Description of the task: Reproduce the whole listing, keeping each word unchanged.

[Source information Boundary: Start]

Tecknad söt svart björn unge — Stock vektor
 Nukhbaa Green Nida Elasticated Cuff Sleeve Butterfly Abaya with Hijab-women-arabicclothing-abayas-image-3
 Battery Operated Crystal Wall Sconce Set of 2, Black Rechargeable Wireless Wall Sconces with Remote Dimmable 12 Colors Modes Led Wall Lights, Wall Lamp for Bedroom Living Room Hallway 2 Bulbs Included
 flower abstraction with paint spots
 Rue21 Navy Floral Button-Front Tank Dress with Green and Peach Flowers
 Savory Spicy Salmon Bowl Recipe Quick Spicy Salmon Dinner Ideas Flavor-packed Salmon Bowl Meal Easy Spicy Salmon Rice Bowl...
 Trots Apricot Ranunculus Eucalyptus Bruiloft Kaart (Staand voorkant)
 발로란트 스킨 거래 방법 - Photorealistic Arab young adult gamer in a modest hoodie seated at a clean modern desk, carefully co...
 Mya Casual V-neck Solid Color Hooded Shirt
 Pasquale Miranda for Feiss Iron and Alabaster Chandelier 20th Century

[Source information Boundary: End]

Task result:
Tecknad söt svart björn unge — Stock vektor
 Nukhbaa Green Nida Elasticated Cuff Sleeve Butterfly Abaya with Hijab-women-arabicclothing-abayas-image-3
 Battery Operated Crystal Wall Sconce Set of 2, Black Rechargeable Wireless Wall Sconces with Remote Dimmable 12 Colors Modes Led Wall Lights, Wall Lamp for Bedroom Living Room Hallway 2 Bulbs Included
 flower abstraction with paint spots
 Rue21 Navy Floral Button-Front Tank Dress with Green and Peach Flowers
 Savory Spicy Salmon Bowl Recipe Quick Spicy Salmon Dinner Ideas Flavor-packed Salmon Bowl Meal Easy Spicy Salmon Rice Bowl...
 Trots Apricot Ranunculus Eucalyptus Bruiloft Kaart (Staand voorkant)
 발로란트 스킨 거래 방법 - Photorealistic Arab young adult gamer in a modest hoodie seated at a clean modern desk, carefully co...
 Mya Casual V-neck Solid Color Hooded Shirt
 Pasquale Miranda for Feiss Iron and Alabaster Chandelier 20th Century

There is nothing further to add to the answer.